:: Data ::
== Segment start ==
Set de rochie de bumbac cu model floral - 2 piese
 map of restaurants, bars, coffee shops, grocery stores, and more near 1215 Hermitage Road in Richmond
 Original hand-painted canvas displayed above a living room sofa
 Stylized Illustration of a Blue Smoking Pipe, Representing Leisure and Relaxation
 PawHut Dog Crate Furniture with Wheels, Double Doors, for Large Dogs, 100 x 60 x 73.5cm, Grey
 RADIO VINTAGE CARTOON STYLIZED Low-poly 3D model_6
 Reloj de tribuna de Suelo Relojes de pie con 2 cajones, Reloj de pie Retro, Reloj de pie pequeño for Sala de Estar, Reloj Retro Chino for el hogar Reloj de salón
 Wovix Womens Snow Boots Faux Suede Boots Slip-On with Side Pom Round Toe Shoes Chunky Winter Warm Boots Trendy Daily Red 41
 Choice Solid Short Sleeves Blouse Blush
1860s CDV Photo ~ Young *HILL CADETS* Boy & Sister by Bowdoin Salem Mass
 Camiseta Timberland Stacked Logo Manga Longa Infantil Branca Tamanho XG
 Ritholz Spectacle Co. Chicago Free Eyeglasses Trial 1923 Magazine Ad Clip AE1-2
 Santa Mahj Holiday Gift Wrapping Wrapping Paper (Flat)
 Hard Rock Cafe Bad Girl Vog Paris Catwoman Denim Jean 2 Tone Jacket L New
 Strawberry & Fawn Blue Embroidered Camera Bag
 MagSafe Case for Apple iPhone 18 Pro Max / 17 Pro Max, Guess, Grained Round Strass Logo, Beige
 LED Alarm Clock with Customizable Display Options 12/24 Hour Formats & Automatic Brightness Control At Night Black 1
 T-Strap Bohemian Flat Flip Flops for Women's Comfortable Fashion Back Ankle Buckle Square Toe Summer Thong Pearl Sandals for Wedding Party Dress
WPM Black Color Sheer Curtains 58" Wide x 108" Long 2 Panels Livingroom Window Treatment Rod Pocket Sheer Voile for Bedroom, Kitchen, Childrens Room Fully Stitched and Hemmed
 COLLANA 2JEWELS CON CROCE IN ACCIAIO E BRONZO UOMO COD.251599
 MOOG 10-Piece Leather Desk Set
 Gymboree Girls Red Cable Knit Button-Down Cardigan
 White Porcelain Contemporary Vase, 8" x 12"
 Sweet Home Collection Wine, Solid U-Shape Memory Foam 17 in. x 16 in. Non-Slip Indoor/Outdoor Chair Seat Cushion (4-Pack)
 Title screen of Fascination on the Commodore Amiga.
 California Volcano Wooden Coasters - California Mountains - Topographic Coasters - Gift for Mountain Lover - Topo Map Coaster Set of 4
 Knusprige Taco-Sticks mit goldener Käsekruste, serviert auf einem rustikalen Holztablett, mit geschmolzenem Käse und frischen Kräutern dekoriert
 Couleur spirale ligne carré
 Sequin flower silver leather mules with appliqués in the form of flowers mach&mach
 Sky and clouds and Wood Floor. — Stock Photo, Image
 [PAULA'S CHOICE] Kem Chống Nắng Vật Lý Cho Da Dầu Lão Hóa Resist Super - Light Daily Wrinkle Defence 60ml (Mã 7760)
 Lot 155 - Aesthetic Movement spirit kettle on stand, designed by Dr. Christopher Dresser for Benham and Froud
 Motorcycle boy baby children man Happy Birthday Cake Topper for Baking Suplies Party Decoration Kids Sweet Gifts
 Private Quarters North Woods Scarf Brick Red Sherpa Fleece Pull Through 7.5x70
== Segment end ==
:: Activity ::
Among the records, find the lines that contain "with" and copy each of them.

:: The answer ::
 PawHut Dog Crate Furniture with Wheels, Double Doors, for Large Dogs, 100 x 60 x 73.5cm, Grey
 Wovix Womens Snow Boots Faux Suede Boots Slip-On with Side Pom Round Toe Shoes Chunky Winter Warm Boots Trendy Daily Red 41
 LED Alarm Clock with Customizable Display Options 12/24 Hour Formats & Automatic Brightness Control At Night Black 1
 Sequin flower silver leather mules with appliqués in the form of flowers mach&mach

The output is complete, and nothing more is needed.